[Builder 200] Taxonomies, Ontologies, and Knowledge Graphs

Given the discussions in level 200 regarding taxonomies, ontologies, and knowledge graphs,
  • For Part 1 (3 Points): Based on an organization your are familiar with your own role or industry, how can they effectively leverage their existing taxonomies to build comprehensive and functional knowledge graphs. What are the potential benefits of this taxonomy-driven approach?

  • For Part 2 (2 Points): After submitting your initial response, select a peer’s response. Write a comment or review on your peer’s response.
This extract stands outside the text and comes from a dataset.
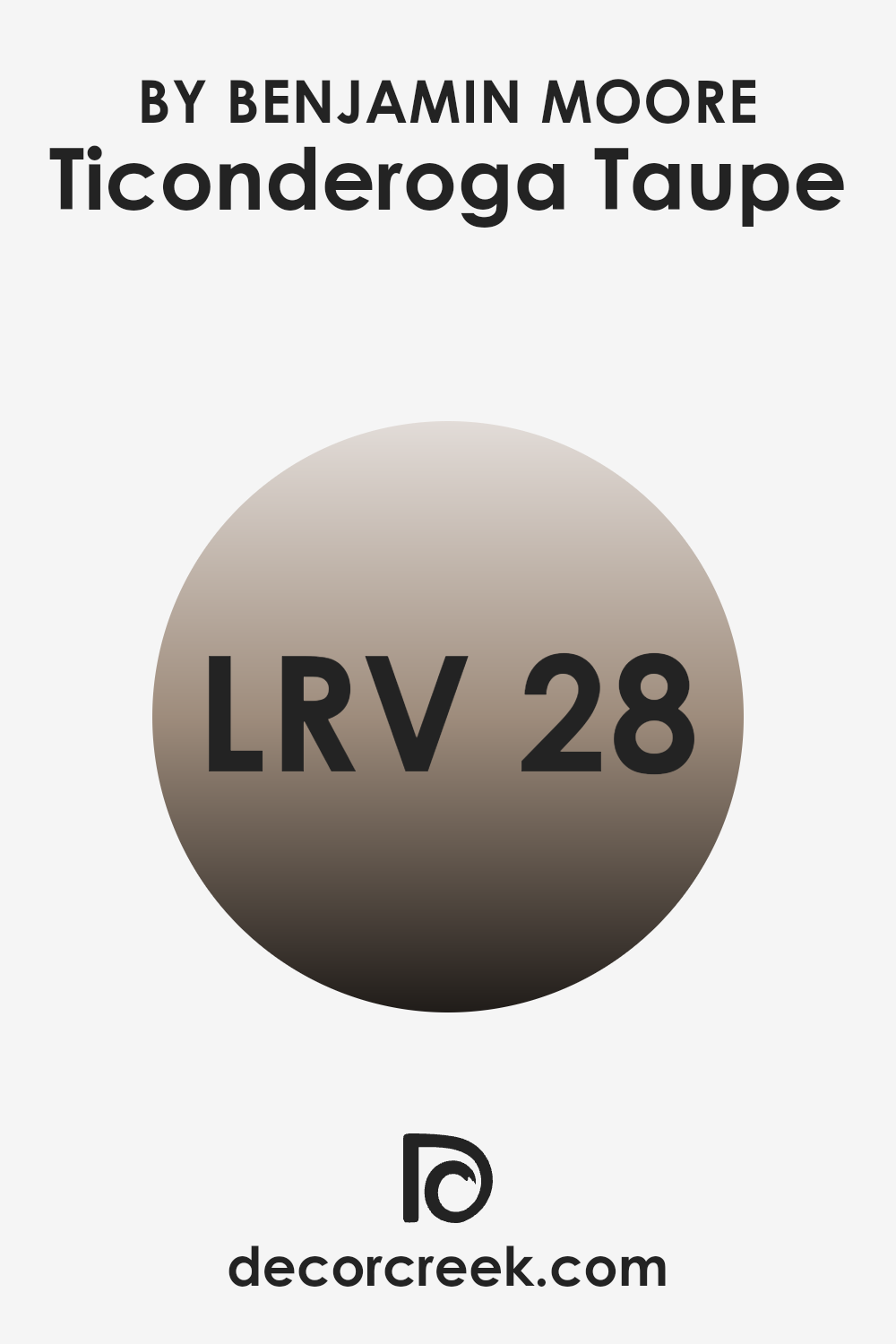 what_is_the_lrv_of_ticonderoga_taupe_992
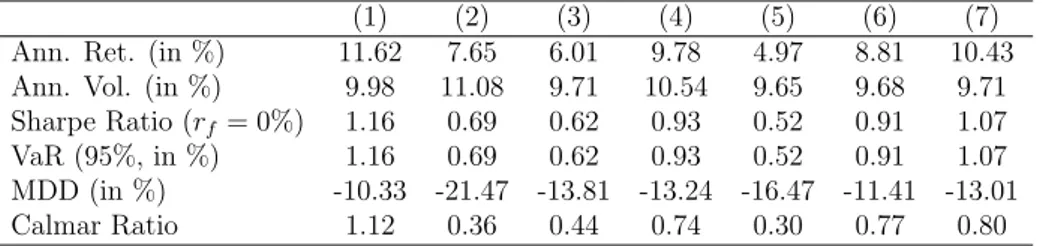 Table 1.5 – Main statistics of our monthly TREND factors (gross of fees) over the global period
Your comment or review should address at least one challenge to help this peer gain a deeper understanding of the practical implications of leveraging existing taxonomies to build robust and functional knowledge graphs.

The organization I am familiar with understands the value of taxonomies and ontologies and developed its own Knowledge Graph Management System over a decade ago. This system serves as the SoT for various tools within the organization. For example, it provides centralized hierarchical data management for product management, such as grouping products under the same product family. It also supports hierarchical filtering of data for centralized metrics or dashboards and leverages expert systems to predict customer eligibility for bundled services based on product purchases or historical data.

A taxonomy-driven approach offers several advantages:

  • Hierarchical Organization: Data is arranged in a structured hierarchy. For instance, Wi-Fi technology can be organized as Networking Solutions → Mobile Internet → Wi-Fi.
  • Enhanced Search Capabilities: Customers can search for products using alternate names, such as model numbers, short names, or synonyms.
  • Ontology Integration: Combined with ontology, it enables mapping across different concepts or hierarchies, unlocking deeper insights and connections.

For this question, I’m most familiar with a tool that I designed to parse image descriptions into graphs. In ImageSnippets, we use different notions of taxonomies and ontologies.

First, we use different types of ontologies created for the tool, one is called: LIO or the Lightweight Image Ontology. In this link, The Visual Guide to the Properties you can see how the terms in LIO are used as the edges (or properties or relations) that connect the object values (which can be chosen from taxonomies or linked data datasets) to the subject value of the image.

The properties defined by LIO help users build a comprehensive and functional knowledge graph in ImageSnippets by setting constraints on users that help organize the ambiguity of how ordinary keywords or annotations can relate to the image or a region of the image.

But other ontologies can help too — for example, terms from the schema.org vocabularly can help describe web content for SEO into structured data.

In some ways, linked data datasets can also be thought of as taxonomies. Information in datasets like DBpedia or Wikidata are organized with either SKOS (Simple Knowledge Organization System) in DBpedia or subclass hierarchies in Wikidata.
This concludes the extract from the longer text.